Most observers have been pleasantly surprised by how well the UK property market held up after the vote to leave the European Union in June, though the uncertainty of Brexit has certainly contributed to a reduction in the volume of sales transactions as many buyers and sellers ‘wait and see’.
Prices in Greater London were up by seven per cent in the course of the year, the East of England (8 per cent) and the South East (7.5 per cent). This is according to recent figures from Knight Frank. But similar rises are not expected in 2017. In fact, Knight Frank is predicting that prices in the capital may fall slightly, by one per cent, in the course of the year. They also suggest that prices in the UK as a whole will rise by the same modest amount.
One of the factors underlying the predictions is the discrepancy between Greater London and Prime Central London, where prices fell by around seven per cent in 2016. This was partly as a result of the uncertainty around Brexit and partly as a result of the steep rises in stamp duty on high-end properties.

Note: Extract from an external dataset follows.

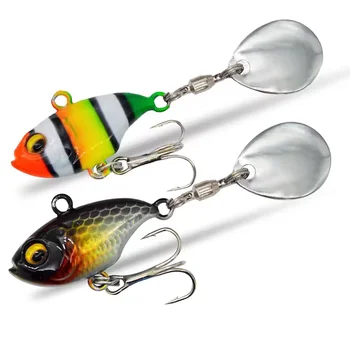 CHEERY New 14g VIB Tail Vibration Bait Spinner Spoon Sinking Lure Fishing Tackle Pesca Spinning Balance Rotating Metal Jig – Metal Jig – view 5
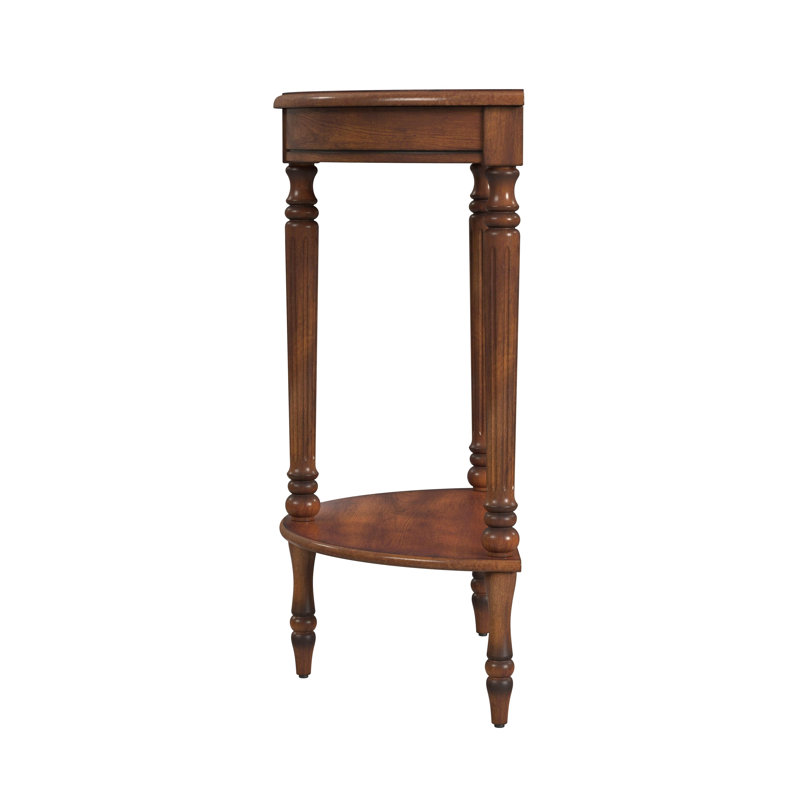 Bellini Demilune Console Table, Light Cherry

“Looking into 2017, we believe that the slowdown in prices which has been evident in central London will spread to the wider region,” says Liam Bailey, Head of Global Research at Knight Frank. “But we should not ignore the positives, particularly the resilience of the property market after the referendum result. On most measures, the mainstream UK market continues to perform strongly.”
Stephanie McMahon, Head of Research at Strutt & Parker, also believes what happens in Prime Central London is key. “We have seen more and more sellers prepared to drop their prices and accept reasonable offers and that could lead to an increase in transaction levels. But we are predicting flat-growth in Prime Central London in 2017 as a best-case scenario. Over the next five years, we believe that price growth in Greater London will be 16.5 per cent, the highest figure in the country. But things are far more difficult to predict than usual because of the high number of upcoming global events, including elections in the Netherlands, France and Germany.”
According to the regular Residential Market Survey from the Royal Institution of Chartered Surveyors (RICS), the number of prospective buyers has increased for the third month in succession. And a net balance of 40 per cent of those surveyed are expecting prices across the UK to rise during 2017. But there is concern at supply shortages leading to only a modest growth in sales activity.
Simon Rubinsohn, RICS Chief Economist, says, “The lack of existing inventory in the market is impacting the ability of households to move and will contribute toward transaction activity over the whole of 2017 being a little lower than in 2016.”
Experts are more cautious than usual. But there does seem to be an emerging consensus that the property market has outperformed the admittedly low expectation since the shock referendum result, and has entered the New Year in much better shape than it might have done.
A recent Reuters poll of property market analysts predicts that UK property prices will rise by 2 per cent this year. That is down on the pre-referendum predictions by the same group of experts of a 4 per cent rise. But looking further ahead, the experts’ estimated price growth for 2018 has been upgraded from 2.4 per cent to 2.7 per cent.
The boom years may have passed, but the property market looks still to be set on a gentle upward trajectory.